Time is of the essence here, since the entire swarm is exposed and vulnerable to the elements, and they're also missing out on crucial honey harvesting time. The problem is that scouts will often come back having found multiple good sites, and so the swarm has to very quickly decide which of these options is the best one. They can't afford to spend too much time deliberating, but at the same a bad choice could wipe out the entire colony.
Researchers P. Kirk Visscher of UC Riverside and Thomas Seeley of Cornell have discovered a crucial way in which bees come to these decisions as quickly as possible, and it actually precisely mimics what goes on with neurons in the complex brains of humans and other primates.

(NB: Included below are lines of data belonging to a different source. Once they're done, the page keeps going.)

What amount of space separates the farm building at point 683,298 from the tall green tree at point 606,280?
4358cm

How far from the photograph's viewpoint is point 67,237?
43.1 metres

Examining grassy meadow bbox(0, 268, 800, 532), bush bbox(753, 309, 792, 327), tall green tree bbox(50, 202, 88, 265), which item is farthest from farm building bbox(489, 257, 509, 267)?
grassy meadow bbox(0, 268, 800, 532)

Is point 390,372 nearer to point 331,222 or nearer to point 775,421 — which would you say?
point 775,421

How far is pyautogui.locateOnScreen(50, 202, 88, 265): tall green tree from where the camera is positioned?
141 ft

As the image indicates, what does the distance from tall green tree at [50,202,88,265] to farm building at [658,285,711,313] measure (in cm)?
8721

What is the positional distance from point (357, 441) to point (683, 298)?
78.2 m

While the house hunting bees continue their figure eight dance, a different set of bees known as sender scouts will sometimes give them a "stop signal", which is a short buzz punctuated by the sender butting her head against the dancer. This makes the dancing bee stop moving, and it allows the swarm to stop focusing on this repeated information and come to a better decision. Monkeys' brains send out similar signals to inhibit their neurons while making decisions. Visscher comments on this similarity:
"It appears that the stop signals in bee swarms serve the same purpose as the inhibitory connections in the brains of monkeys deciding how to move their eyes in response to visual input. In one case we have bees and in the other we have neurons that suppress the activity levels of units – dancing bees or nerve centers – that are representing different alternatives. Bee behavior can shed some light on general issues of decision making. Bees are a lot bigger than neurons for sure, and may be easier to study!"

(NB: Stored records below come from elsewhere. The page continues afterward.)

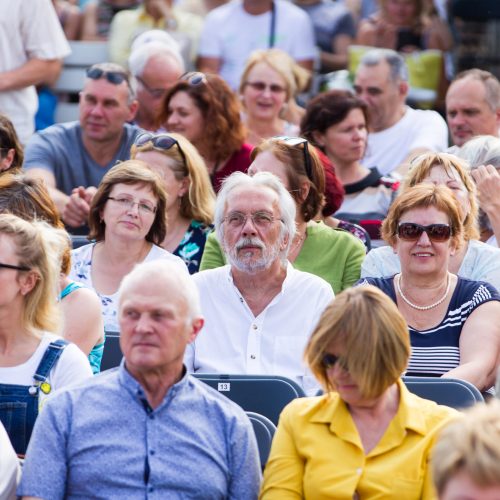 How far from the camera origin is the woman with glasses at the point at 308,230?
5621 millimetres

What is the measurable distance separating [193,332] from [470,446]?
4.28 ft

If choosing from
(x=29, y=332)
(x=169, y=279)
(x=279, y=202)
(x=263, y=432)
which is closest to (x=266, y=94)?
(x=279, y=202)

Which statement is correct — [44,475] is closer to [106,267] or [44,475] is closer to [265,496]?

This phenomenon, known as cross inhibition, serves precisely the same function with bees that it does in nervous systems. It's a way of avoiding decision-making deadlock when presented with a set of equally viable alternatives. Visscher explains:
"The message the sender scout is conveying to the dancer appears to be that the dancer should curb her enthusiasm, because there is another nest site worthy of consideration. Such an inhibitory signal is not necessarily hostile. It's simply saying, 'Wait a minute, here's something else to consider, so let's not be hasty in recruiting every bee to a site that may not be the best one for the swarm. All the bees have a common interest in choosing the best available site. This is critical, because the swarm must choose a single nest site, even if two sites of equal quality are available. This cross inhibition curtails the production of waggle dances for, and thus the recruitment of bees to, a competing site."

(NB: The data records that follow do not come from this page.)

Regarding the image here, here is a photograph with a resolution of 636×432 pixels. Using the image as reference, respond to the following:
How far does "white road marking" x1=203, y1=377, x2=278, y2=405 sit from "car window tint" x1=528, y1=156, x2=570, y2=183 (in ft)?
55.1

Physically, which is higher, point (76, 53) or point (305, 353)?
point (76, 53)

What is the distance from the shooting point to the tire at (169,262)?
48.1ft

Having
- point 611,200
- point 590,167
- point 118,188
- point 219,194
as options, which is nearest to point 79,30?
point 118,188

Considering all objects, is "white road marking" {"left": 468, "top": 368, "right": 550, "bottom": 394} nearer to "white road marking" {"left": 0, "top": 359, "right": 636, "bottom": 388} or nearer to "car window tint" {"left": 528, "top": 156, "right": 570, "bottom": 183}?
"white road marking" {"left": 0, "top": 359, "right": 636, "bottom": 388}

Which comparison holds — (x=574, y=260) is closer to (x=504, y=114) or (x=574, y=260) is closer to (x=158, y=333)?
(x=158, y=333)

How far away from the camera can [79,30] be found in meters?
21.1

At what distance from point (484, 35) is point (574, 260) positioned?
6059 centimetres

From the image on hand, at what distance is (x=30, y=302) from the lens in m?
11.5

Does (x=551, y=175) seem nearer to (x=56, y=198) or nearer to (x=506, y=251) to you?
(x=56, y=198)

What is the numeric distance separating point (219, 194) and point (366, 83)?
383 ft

For honeybees to choose a new home, a given site must attract a certain number of scout bees. Once it becomes clear that a "quorum" of scouts have settled on a single place, a piping signal goes through the swarm, telling the rest of the bees to prepare to fly. This is also where another round of stopping signals are sent to the dancing scouts, both those for and against the chosen site. Visscher explains:
"Apparently at this point, the message of the stop signal changes, and can be thought of as, 'Stop dancing, it is time to get ready for the swarm to fly.' It is important for the scouts to be with the swarm when it takes off, because they are responsible for guiding the flight to the nest site."
While we don't yet know just how precisely honeybees mimic our neurons, it's a fascinating reminder of how a lot of the same basic structures can be found throughout nature, even in two groups as completely dissimilar as a swarm of honeybees and the neurons of the primate brain. This is quite possibly the craziest example yet of convergent evolution, if nothing else.